- _Aim of the task_
Exact reproduction of the listing is required. Pictures are not reproduced.

- _Dataset section_
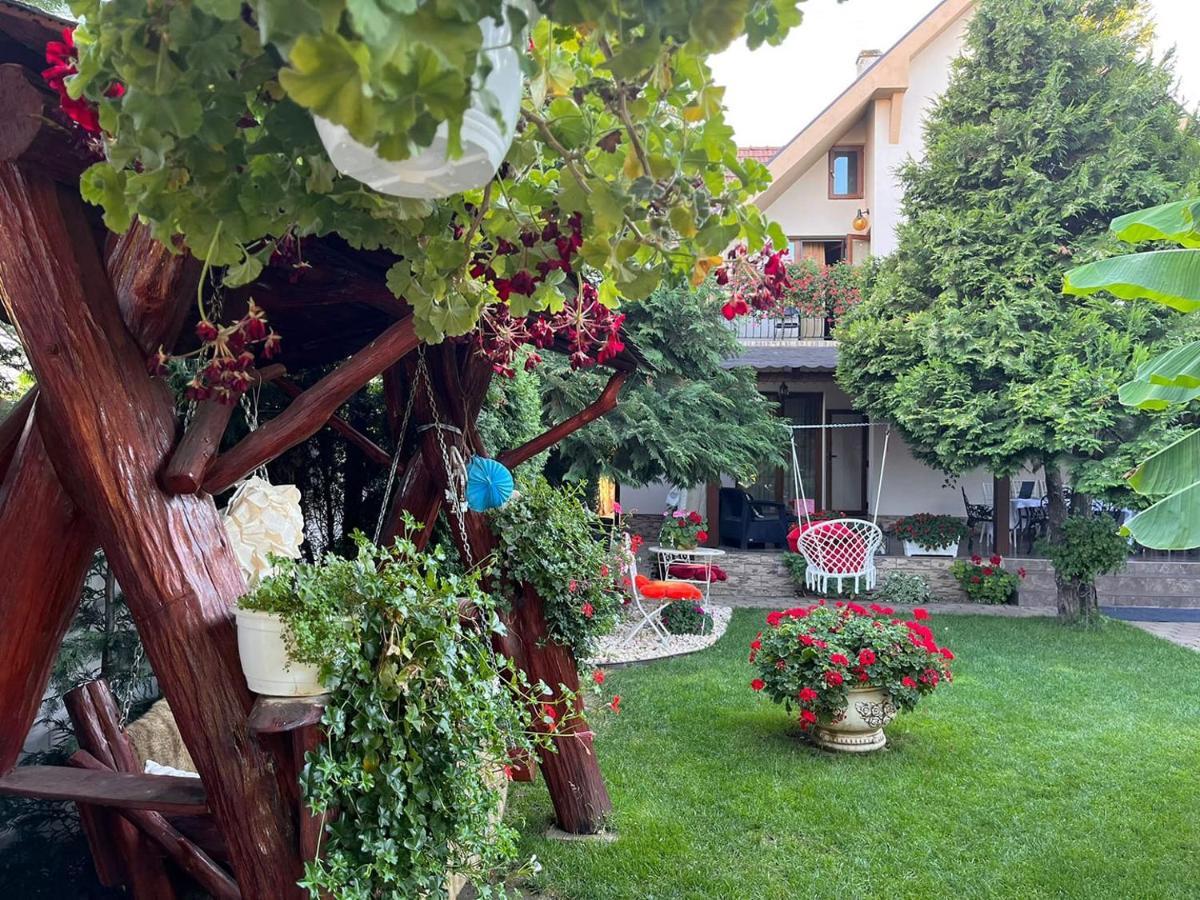 Willa Casa Mona Oradea Zewnętrze zdjęcie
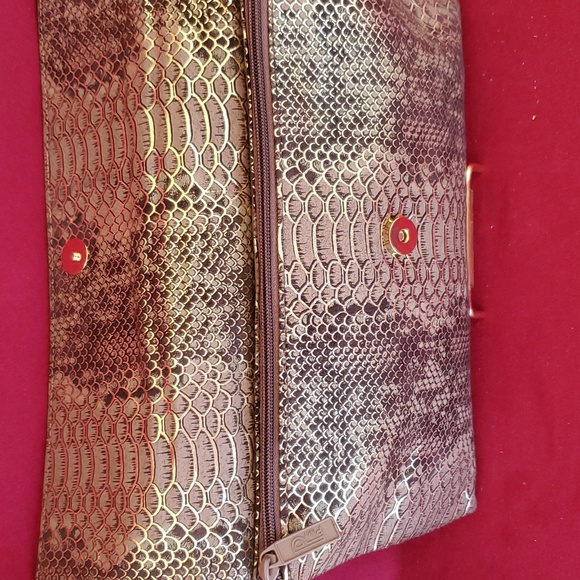 Handbags - Picture 5 of 6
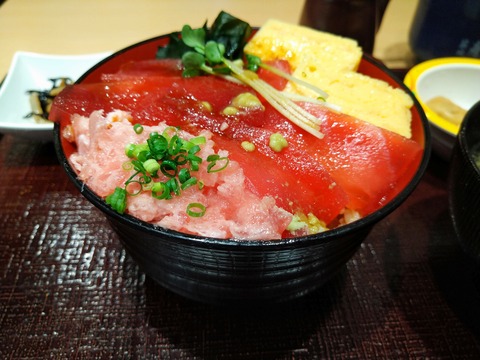 鉄火丼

- _Result_
 Willa Casa Mona Oradea Zewnętrze zdjęcie
 Handbags - Picture 5 of 6
 鉄火丼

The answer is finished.